Ad oggi sono 66 i paesi che non hanno mai vinto una medaglia olimpica. Il Principato di Monaco (32 volte) è quello che ha partecipato di più, mentre il Bangladesh con i suoi 173 milioni di abitanti è il più grande a non aver mai vinto medaglie. Erano 68 prima di questa edizione, ma sabato 3 agosto scorso le isole di Santa Lucia e Dominica hanno ottenuto i loro primi storici ori. Julien Alfred ha vinto per Santa Lucia i 100 metri femminili (e martedì si è ripetuta: argento nei 200) mentre Thea LaFond ha vinto il metallo più prezioso nel Triplo femminile. Sono vicende che contribuiscono all’identità di un paese, come lo fu ad esempio il dominio di Usain Bolt per la Giamaica, che prima di lui era soprattutto la terra di Bob Marley e dopo è diventata anche quella dell’uomo più veloce del mondo. Santa Lucia è un’isola indipendente nella zona Est dei Caraibi che conta circa 180 mila abitanti, Dominica di abitanti ne ha solo 74 mila ma un orgoglio se possibile superiore. Nel 2021 un giornale locale ha promosso l’idea di cambiare il nome tornando a Waitukubuli (che significa “il suo corpo è alto”, evocativa descrizione delle sue forme montuose) per fuggire una volta per tutte la confusione con la Repubblica Dominicana (sovranità di lingua spagnola con oltre 9 milioni di abitanti), rivendicando tra le tante cose la “necessità di marcare il territorio anche online, facilitando le ricerche senza confusioni”.

C’era una volta

Lezioni di geografia, dicevamo, ma anche di storia: il medagliere ha ospitato 10 Comitati olimpici ormai defunti: Boemia, Indie Occidentali, Cecoslovacchia, Unione Sovietica, Antille Olandesi, Serbia-Montenegro, Jugoslavia. E ovviamente le due Germanie: Est ed Ovest, in ordine non solo alfabetico ma anche per titoli vinti, perché gli Orientali erano particolarmente “sensibili” al fascino olimpico e vinsero 409 medaglie, il doppio delle 204 degli Occidentali. A queste andrebbero poi aggiunte le 137 medaglie vinte dalla squadra tedesca unificata, che partecipò a dispetto della divisione politica, nelle edizioni del dopoguerra in prossimità della costruzione del Muro di Berlino (avvenuta nel 1961): 1956, 1960, 1964. Le ultime tracce di quell’esperienza furono nel 1968 quando a Innsbruck per le invernali gli atleti erano già divisi tra Est e Ovest ma i loro ori venivano celebrati suonando L’Inno alla Gioia di Ludwig van Beethoven, che aveva sempre salutato i trionfi del comitato unificato rimpiazzando i peraltro già esistenti inni nazionali.
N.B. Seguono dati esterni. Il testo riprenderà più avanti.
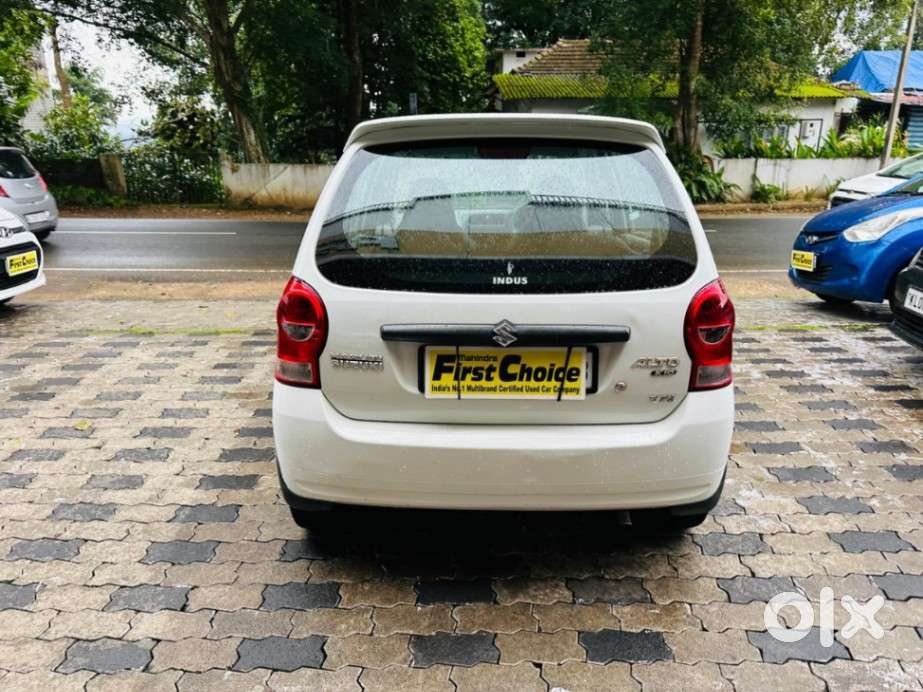Maruti Suzuki Alto K10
A livello olimpico le due Germanie sono esistite quindi “solo” per 20 anni: da Messico ‘68 a Seul ‘88. Ed a proposito di unificazioni, giusto ricordare pure l’Australasia che sommava Australia e Nuova Zelanda nelle primissime edizioni, fino alla divisione del 1920, ma anche la squadra unificata di Corea che giocò a hockey su ghiaccio nelle invernali del 2018. Anche qui: politicamente inimmaginabile, ma sportivamente possibile.